2. ERA must ensure, to the satisfaction of the Supervising Scientist, that there will be no significant release of contaminants to the environment (through physical or chemical means) for at least 10,000 years.
3. ERA must prepare operational management plans, to the satisfaction of the Supervising Authority, dealing with the management of acid generation, runoff and seepage.
4. ERA shall ensure that all runoff from stockpiles passes through sediment traps. The design, location and construction of the sediment traps must be approved by the Supervising Authority prior to construction.

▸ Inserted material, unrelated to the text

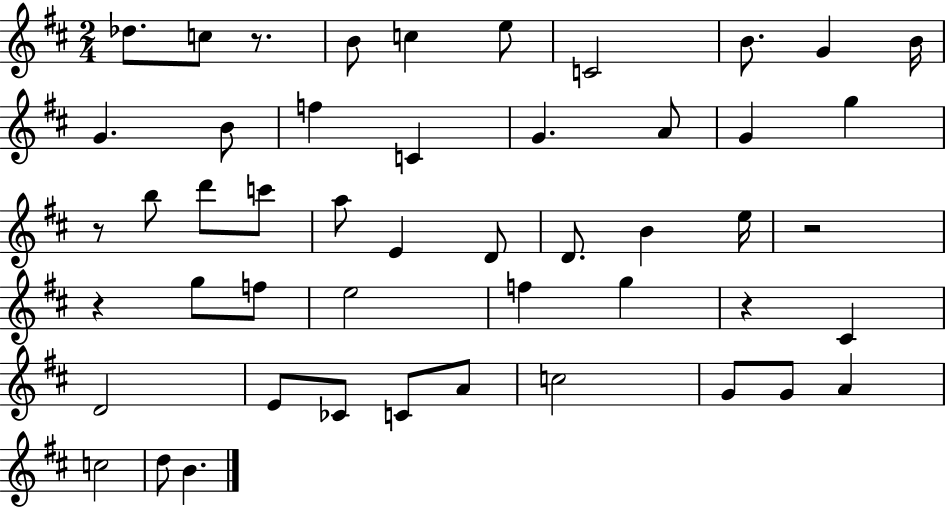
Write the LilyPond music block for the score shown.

5. ERA must ensure, to the satisfaction of the Supervising Scientist, that runoff from waste rock stockpiles does not cause any increase in the mean concentration of suspended solids in Swift Creek that is greater than the standard deviation of naturally occurring concentrations in Swift Creek.
6. ERA must, to the satisfaction of the Supervising Authority, conduct an assessment of the chemical composition of waste rock in stockpiles and the rate of its weathering and must amend the operational management to address the results of this assessment.
7. Before construction of the mill facilities, ERA must submit to the Supervising Authority a detailed design of the proposed sewerage system and an on site sewage monitoring program.
8. ERA must conduct an assessment of the effects of groundwater and changes to surface-water within the Swift Creek catchment and to Swift Creek itself, to the satisfaction of the Supervising Scientist and the Supervising Authority. ERA must comply with any requirement of the Supervising Scientist or the Supervising Authority designed to mitigate or avoid impacts identified in this assessment.
9. ERA must ensure that operational management plans are prepared incorporating specific clean-up procedures for each reagent transported and used on the site, to the satisfaction of the Supervising Authority.
10. ERA must, to the satisfaction of Environment Australia and the Supervising Authority, develop and implement measures to ensure the protection of the flora and fauna species listed in s.6.6.3 of the Assessment Report.
11. ERA must devise and implement, to the satisfaction of the Supervising Scientist, a biological monitoring program that includes Swift Creek and other suitable analogues.
12. ERA must, to the satisfaction of the Supervising Scientist and the Supervising Authority, develop and implement a rehabilitation plan.
* ERA must establish a rehabilitation trust fund and must contribute annually an amount determined jointly by the Commonwealth and the Northern Territory.
* ERA must lodge with the Commonwealth a bond of $1 million, to be held in perpetuity to cover costs associated with long term environmental monitoring and maintenance of the rehabilitated site.
13. ERA must, in consultation with the NLC and the Supervising Scientist, report to affected Aboriginal people on the impacts of the project.
14. ERA must comply with the recommendations relating to radiation protection as set out in Recommendation 35 o
15. ERA must ensure that its operations do not result
in any adverse impacts on world heritage or national estate values.